Gravity update flags accented character domain as invalid

I'm not sure if this is a bug or correct behaviour, so reporting for analysis. I've not added a debug token since I don't think it's setup-related. I did some digging and didn't find anywhere else asking about this.

I have an adlist which, when updating Gravity, Pi-hole complains contains two invalid domains.

[i] Target: https://malware-filter.gitlab.io/malware-filter/phishing-filter-hosts.txt
[✓] Status: Retrieval successful
[i] Analyzed 59469 domains, 2 domains invalid!
    Sample of invalid domains:
    - boursoramaaccès.com
    - emails%2eazure%2emicrosoft%2ecom@url917.vakeelavaahini.com
[i] List has been updated

The domain relevant to this post is the first one. I assume it's the accented è that it doesn't like.

If I paste the domain into Domains blacklist, it is accepted no problem and converted into its Punycode representation. A green box appears stating:

+ Success!
Added xn--boursoramaaccs-7jb.com

The entry below even lists both:

boursoramaaccès.com (xn--boursoramaaccs-7jb.com)

The adlist contains a few Punycode encoded domains directly and the Gravity update handles them fine. I tested with one of them (xn--80agfkuhcahdlf0o.xn--p1ai) and it can be added manually as either its Russian unicode or its Punycode format, with the same result, no problems. It is already found in the database from the Gravity update, and can be searched for in Tools > Search Adlists using either Russian or Punycode format.

Summary

Pi-hole's Domains section handles the adding of special domains, using either their unicode or Punycode representation, without problem.
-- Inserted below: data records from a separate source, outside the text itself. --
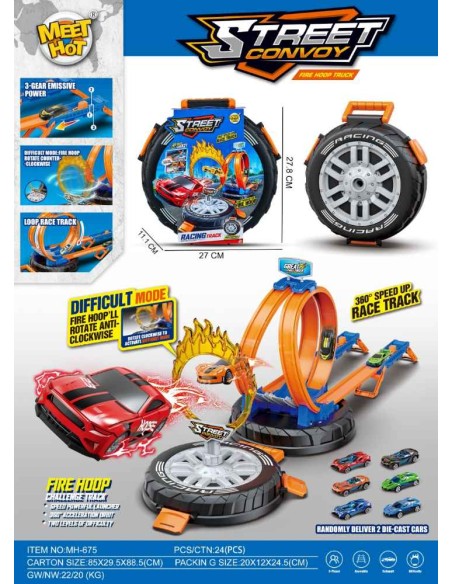 Rueda Con Circuito
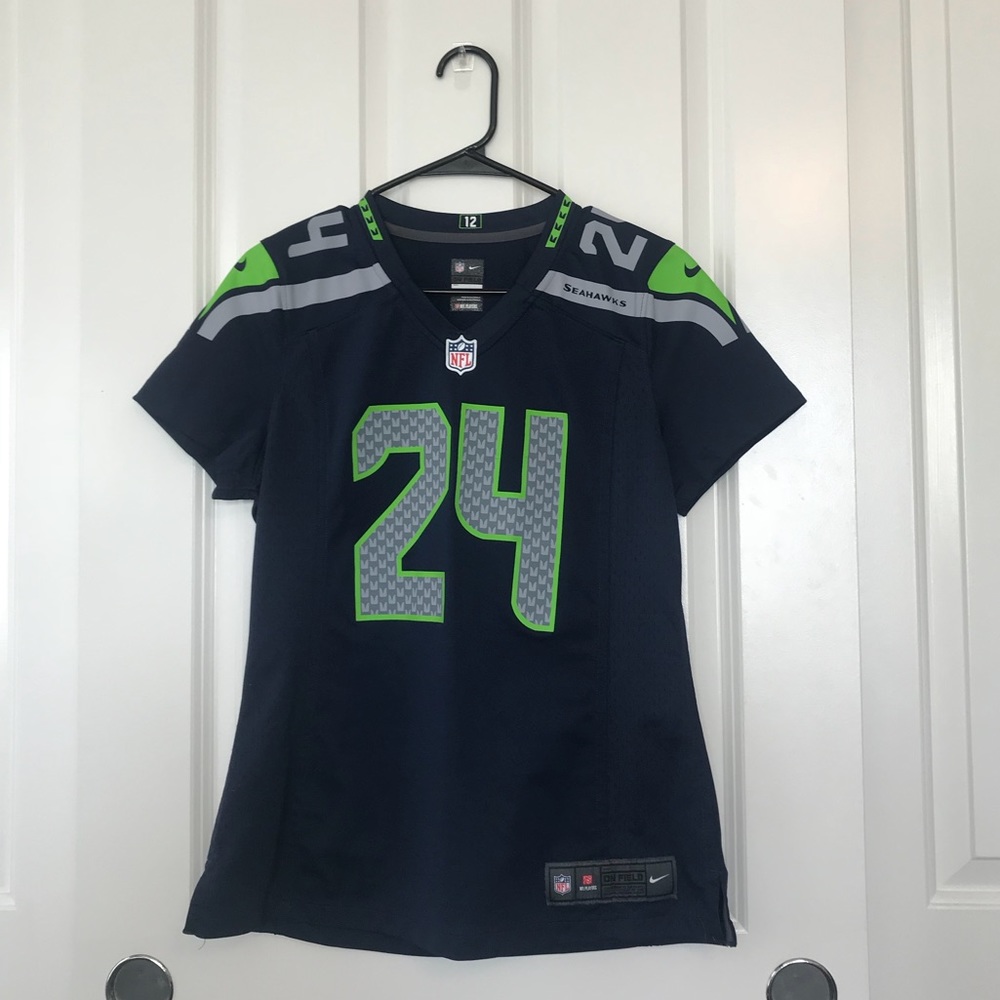 Women’s Seahawks Marshawn Lynch Jersey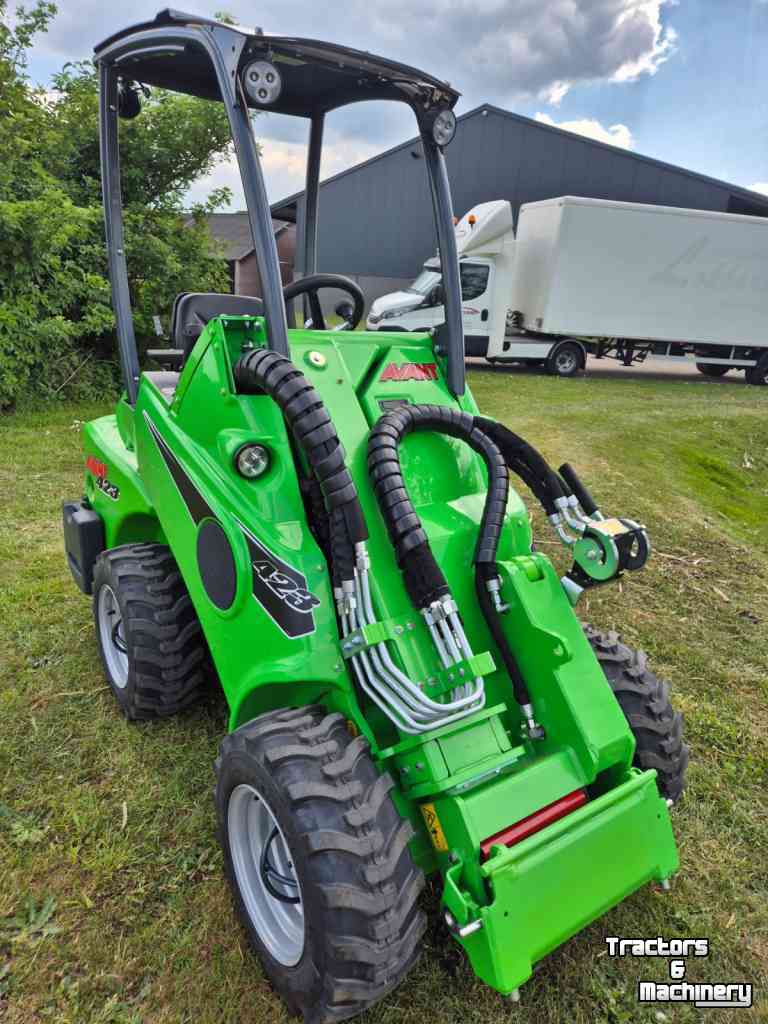 Telehandler Avant 423 TDL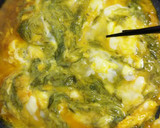 ＊朝食に簡単＊とろとろめかぶの玉子焼き作り方6写真
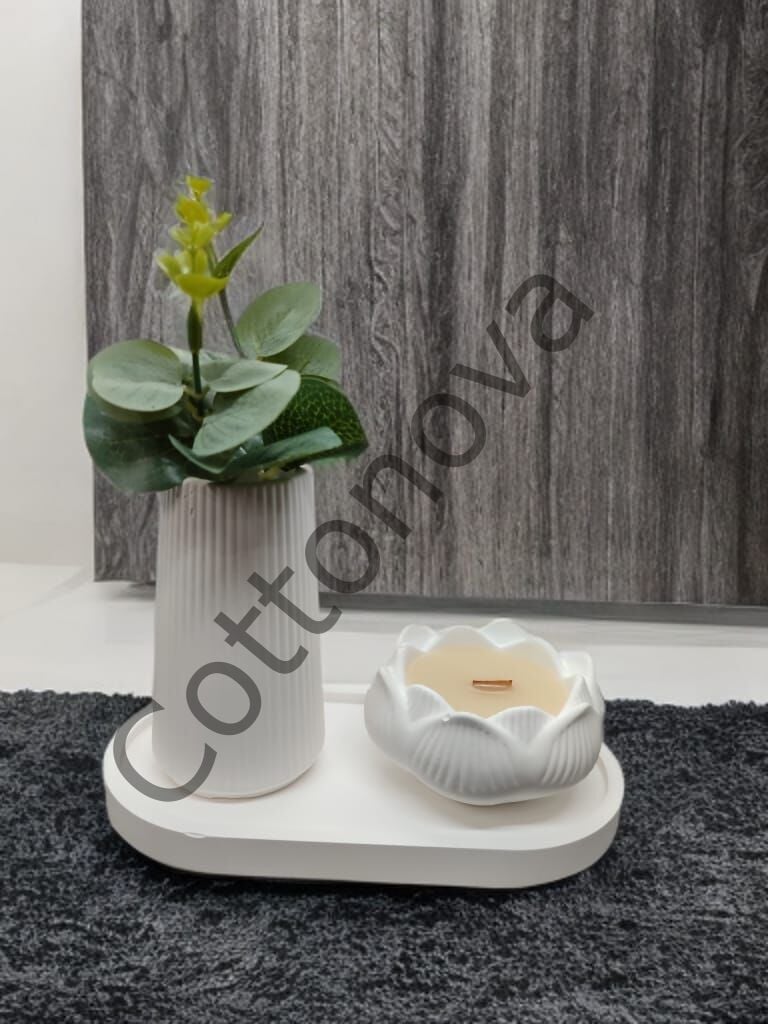Cottonova C56 Dekoratif Vazo ve Mumluk6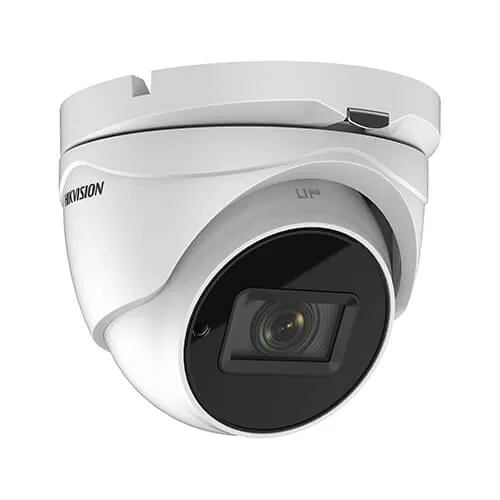 Hikvision TurboHD Dome camera, 8MP, 2,8-12mm, EXIR 80m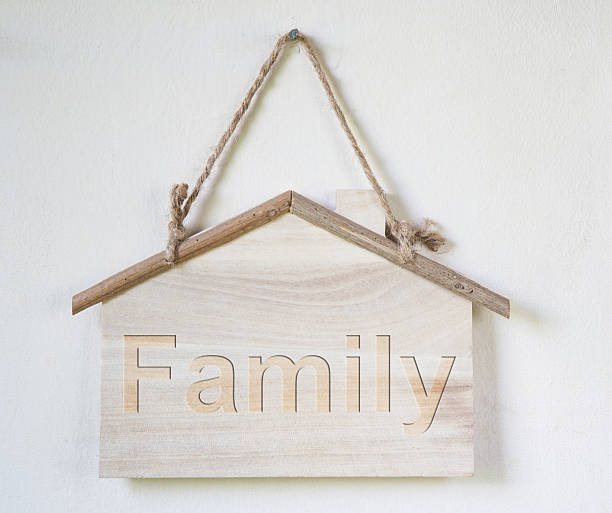 istock sign shaped house hang wall 487234550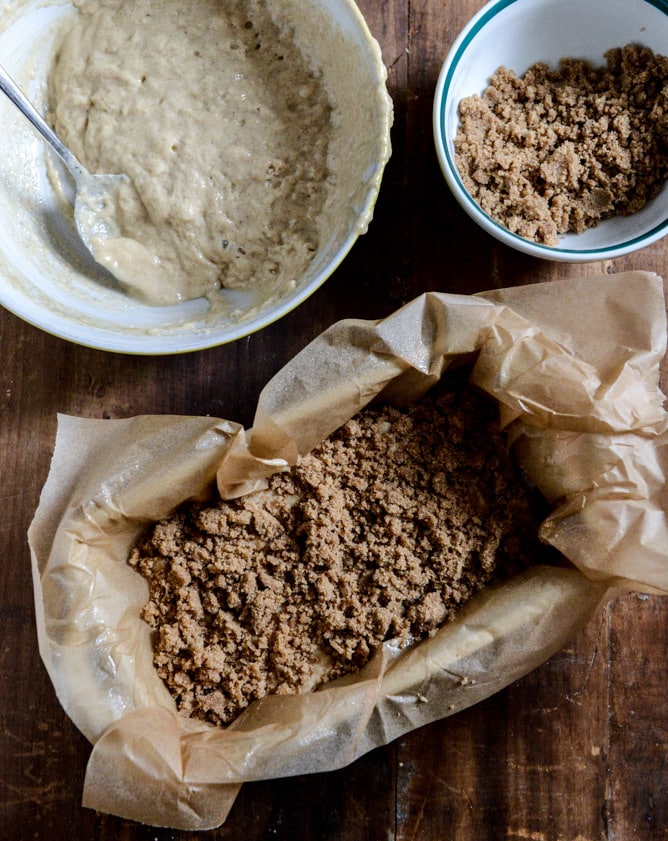 Pomegranate Molasses Coffee Cake I howsweeteats.com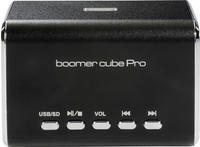 Aktivbox ultron boomer cube Pro schwarz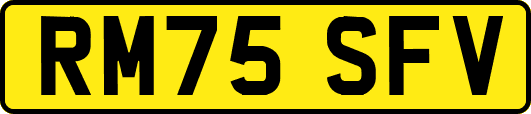 RM75SFV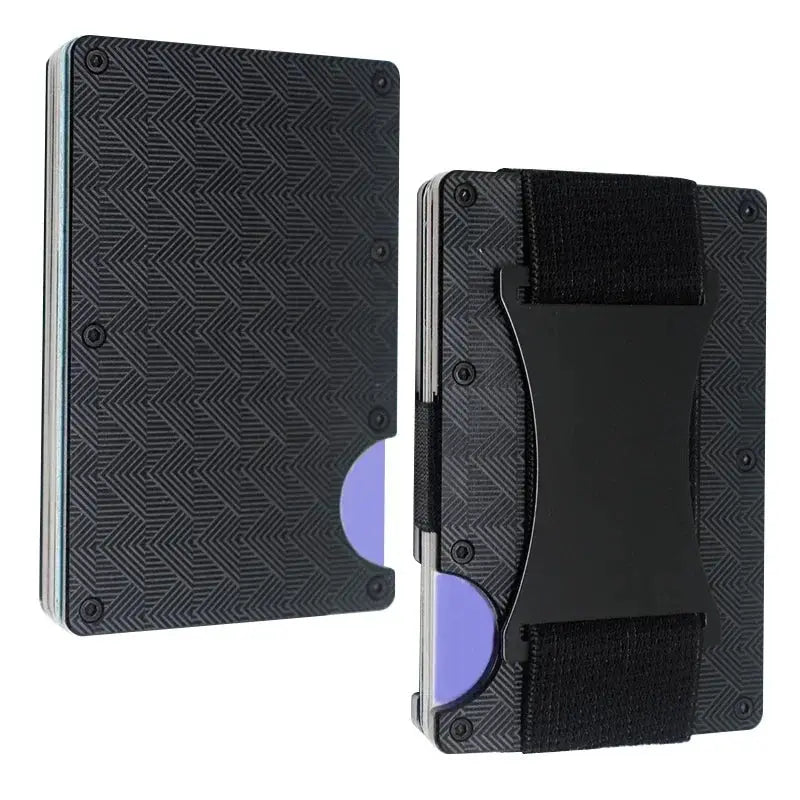 Wallet for Men with RFID Shield and Clip — product view 17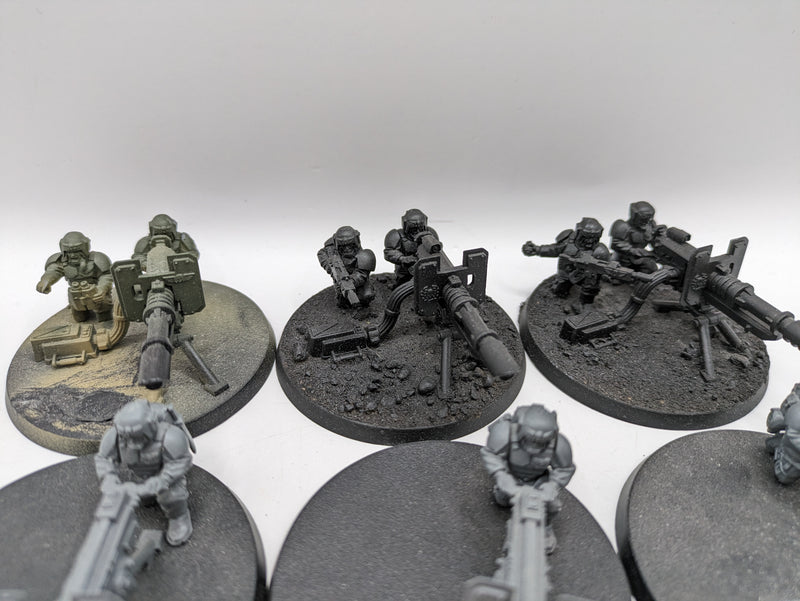 Warhammer 40k: Astra Militarum Heavy Weapons Teams (AI072)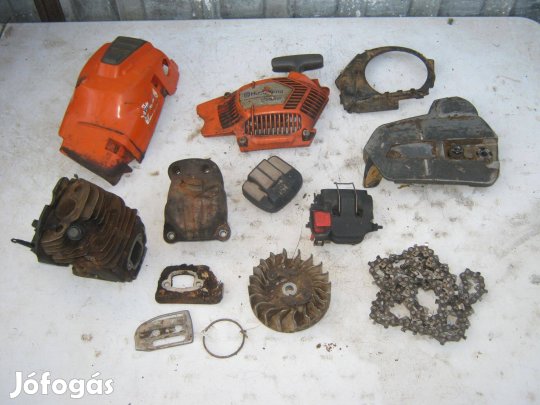 Husqvarna 550 XP benzines láncfűrész alkatrészek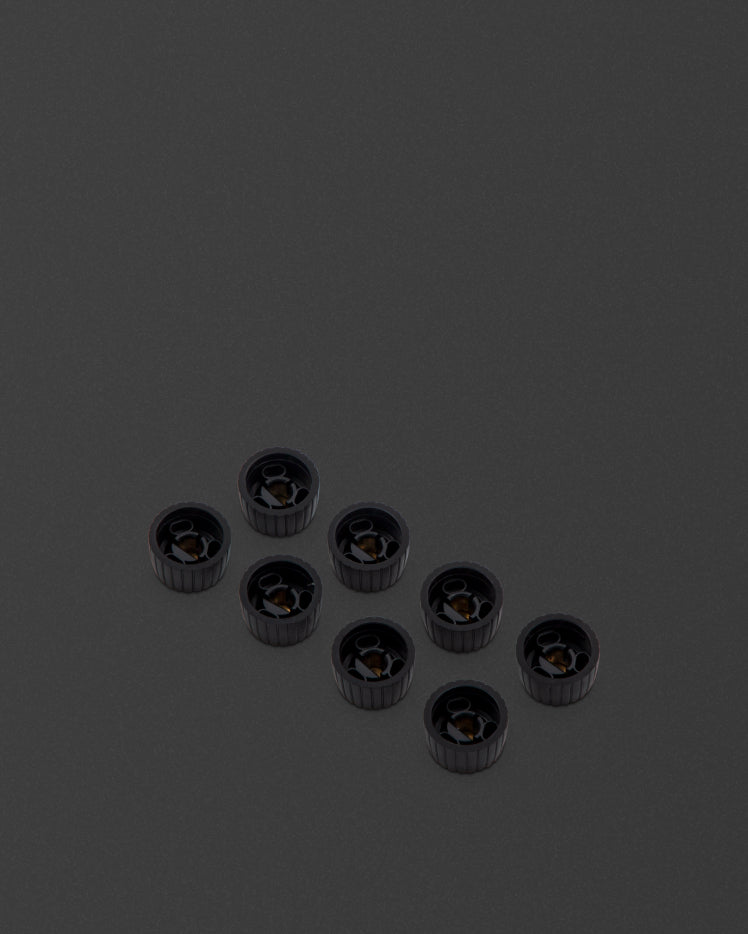 MG Gold Knobs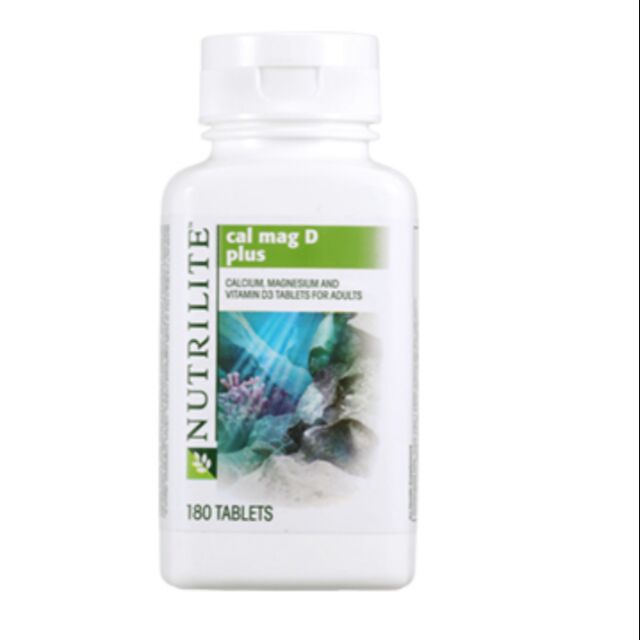 Nutrilite Cal Mag D Plus 180tables ~ RM68 | Shopee Malaysia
Pi-hole's Gravity update handles Punycode entries without problem, but flags the unicode representation as invalid.

Since Pi-hole can interpret and store these domains both ways without problem, it seems like a bug or omission in the Gravity update logic.

(Pi-hole v5.12.2 FTL v5.18.1 Web Interface v5.15.1)

We convert unicode chacters to punycode when users enter them via web interface to aid users which usually don't know what punycode is. Usually, users enter only a few domains in unicode format.
On the other hand, gravity complains about unicode and won't do the conversion if unicode domains are found on an adlist. We believe this is the right approach, because adlists are shared and for a huge number of users we would need to make the punycode conversion each time the adlist is loaded. The right way to fix this is to inform the maintainer of the list which only needs to do the conversion once.
__

See:
https://github.com/pi-hole/pi-hole/issues/4410
https://github.com/pi-hole/pi-hole/issues/4436
https://github.com/pi-hole/pi-hole/issues/4447
https://github.com/pi-hole/pi-hole/issues/4512

and a few other issues on github

Thanks for the github links, I had found some posts on reddit but didn't know to look on github. I'll be sure to check the issues pages in future. I agree with the assessments there and here. That list has a couple of entries that have not been cleaned up.

Here's how I was thinking about the different scenarios Pi-hole deals with, with respect to domains containing non-standard unicode characters. You can see that the Gravity update appears to be the odd one out – but while writing this I found that the Query long term log also doesn't like them, which downgrades the 'odd one out effect' I was seeing.

interaction mode unicode punycode
Add domains to black/whitelist yes, converted yes
Query long-term log via Query field no, not found yes, found
Search Adlists via Search field yes, converted and found yes, found
Blocked/allowed by FTL yes, but converted by client first so n/a? yes
Add from adlist during Gravity update no, reports invalid yes

In summary, Pi-hole does a great job converting and handling non-punycode representations in various places, and this almost made those situations where it doesn't convert seem like a possible bug. Apologies for missing the github previous discussion. Thanks again.

I think we could add the unicode -> punycode conversion when searching from the long-term database.

1 Like

That would be a useful addition, thanks. Out of interest is that because you feel the logic/code is already in place for the adlist searches, so you can repurpose it for the query database too?

Both the long-term database and the current Query database only support displaying and searching punycode representations. When adding a punycode or unicode domain to a black/whitelist, the entry shows both formats. Could this same tweak allow the Query log to show both formats as they come up? So instead of showing (using example domain above)

xn--boursoramaaccs-7jb.com

it shows

boursoramaaccès.com (xn--boursoramaaccs-7jb.com)

or maybe

xn--boursoramaaccs-7jb.com (boursoramaaccès.com)

Not sure if that's similarly related to the extra capability you're proposing. It's not a feature request by any means – Pi-hole continues to work great and handle them all seamlessly under the hood either way.

Happy to test any tweaks on a different branch if it helps.

This topic was automatically closed 21 days after the last reply. New replies are no longer allowed.